'28. Bless them that curse you, and pray for them which despitefully use you.
'29. And unto him that smiteth thee on the one cheek offer also the other; and him that taketh away thy cloke forbid him not to take thy coat also.
'30. Give to every man that asketh of thee; and of him that taketh away thy goods ask them not again.'
He would read them again and again, these wonderful verses, that he was told the people and Church believed, and then he would go forth to observe the result of this belief. And what would he see? He would see this: A nation proud and revengeful, glorying in her victories, always at war, a conqueror of other peoples, a mighty hater of her enemies. He would find that in the public life of the nation with other nations there was no thought of this command. He would find, too, in her inner life, that the man who took a cloak was not forgiven, but was terribly punished—he used to be hanged. He would find—— But need I say what he would find? Those who will read this are those very people—they know. And the Burman would say at length to himself, Can this be the belief of this people at all? Whatever their Book may say, they do not think that it is good to humble yourself to your enemies—nay, but to strike hard back. It is not good to let the wrong-doer go free. They think the best way to stop crime is to punish severely. Those are their acts; the Book, they say, is their belief. Could they act one thing and believe another? Truly, are these their beliefs?
And, again, he would read how that riches are an offence to righteousness: hardly shall a rich man enter into the kingdom of God. He would read how the Teacher lived the life of the poorest among us, and taught always that riches were to be avoided.

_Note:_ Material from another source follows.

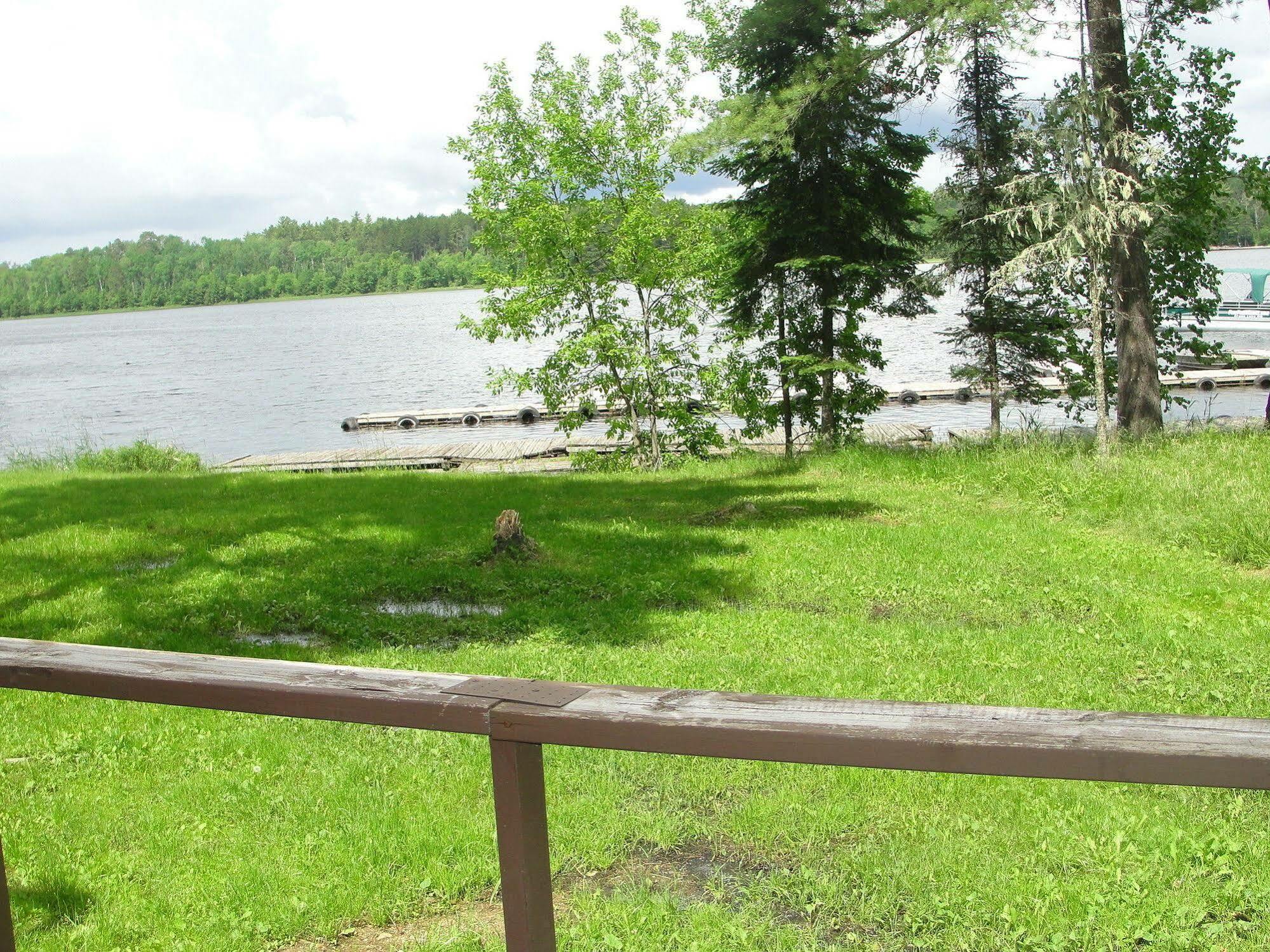 Pine Point Lodge Resort & Motel Crane Lake Екстериор снимка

And then he would go forth and observe a people daily fighting and struggling to add field to field, coin to coin, till death comes and ends the fight. He would see everywhere wealth held in great estimation; he would see the very children urged to do well, to make money, to struggle, to rise in the world. He would see the lives of men who have become rich held up as examples to be followed. He would see the ministers who taught the Book with fair incomes ranking themselves, not with the poor, but with the middle classes; he would see the dignitaries of the Church—the men who lead the way to heaven—among the wealthy of the land. And he would wonder. Is it true, he would say to himself, that these people believe that riches are an evil thing? Whence, then, come their acts, for their acts seem to show that they hold riches to be a good thing? What is to be accepted as their belief: the Book they say they believe, which condemns riches, or their acts, by which they show that they hold that wealth is a good thing—ay, and if used according to their ideas of right, a very good thing indeed?
So, it seemed to me, would a Burman be puzzled if he came to us to find out our belief; and as the Burman's difficulty in England was, mutatis mutandis, mine in Burma, I set to work to think the matter out. How were the beliefs of a people to be known, and why should there be such difficulties in the way? If I could understand how it was with us, it might help me to know how it was with them.
And I have thought that the difficulty arises from the fact that there are two ways of seeing a religion—from within and from without—and that these are as different as can possibly be. It is because we forget there are the two standpoints that we fall into error.
In every religion, to the believers in it, the crown and glory of their creed is that it is a revelation of truth, a lifting of the veil, behind which every man born into this mystery desires to look.